Arrêt de l’Institut Régional d’Occitanie à l’université Toulouse-Jean-Jaurès : qui veut tuer son chien, l’accuse d’avoir la rage

Depuis maintenant près de 4 ans la direction de l’université Toulouse Jean Jaurès, et finalement avec l’appui du ministère de l’Enseignement Supérieur et de la Recherche (ESR) a décidé de tout mettre en œuvre pour détruire l’Institut Régional du Travail d’Occitanie (IRT).
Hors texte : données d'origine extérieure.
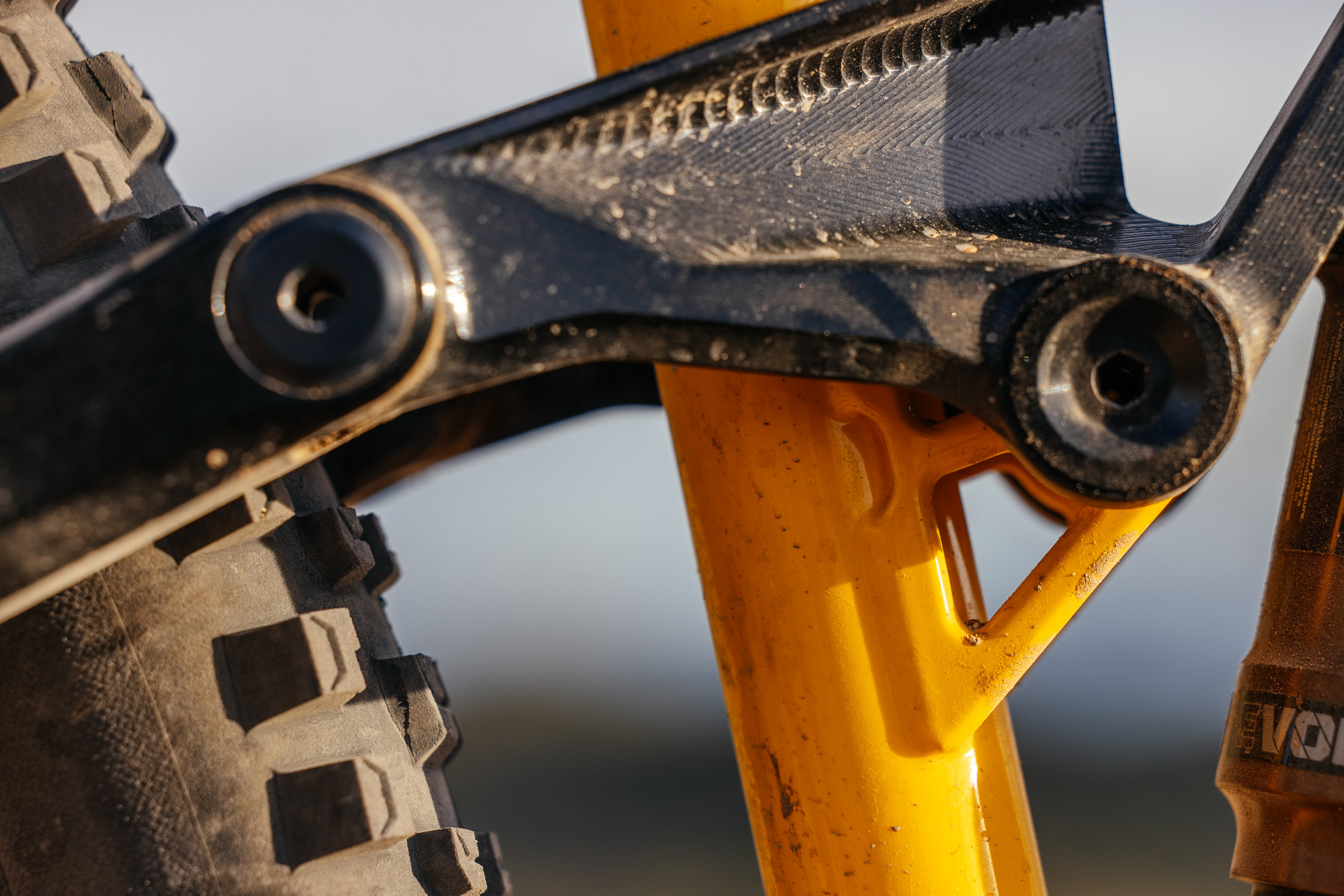 Sour Bicycles Cowboy Cookie Review-120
Après avoir empêché l’IRT d’élire une direction d’institut en 2021, puis supprimé le seul poste d’enseignant-chercheur en 2022, gelé l’accord contrat de plan État-Région qui développait une antenne de l’IRT à Montpellier (100 000 euros de subvention), la direction de l’université a méthodiquement saboté les négociations avec les organisations syndicales qui se sont ouvertes sous l’égide du recteur délégué de l’ESR. Dans le même temps, elle a lancé une grande campagne de dénigrement de l’IRT, de ses missions, de ses enseignements, de son équipe, au sein de l’université et à l’extérieur dès 2021. Aujourd’hui, se cachant derrière un rapport d’audit du ministère de l’ESR, aussi partial que partiel, et reprenant in extenso le discours de la direction de l’université, la présidente de l’Université Toulouse Jean Jaurès peut enfin annoncer la suspension des activités de l’IRT et réussit à lui porter un coup qu’elle pense fatal.
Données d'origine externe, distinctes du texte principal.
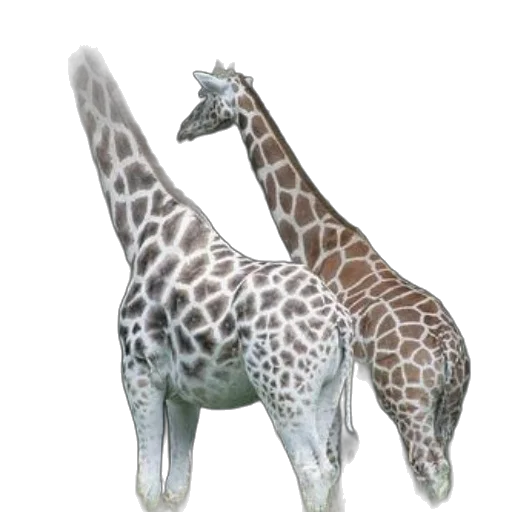 animal, creature, staff, jewelry transparent PNG cut-out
Et c’est ainsi que vendredi 1ᵉʳ mai 2026, sur son ordre, l’IRT suspendra sine die l’ensemble de ses activités et de ses missions. Toutes les formations sociales, environnementales et syndicales qui devaient être assurées jusqu’en décembre 2026 seront annulées, l’accompagnement à la Validation des Acquis et de l’Expérience de dizaines de candidat·es syndicalistes, associatifs et élu·es territoriaux s’arrêtera. Et les contrats de travail des salariées qui ne seront pas renouvelés, ils prendront fin eux aussi au premier mai.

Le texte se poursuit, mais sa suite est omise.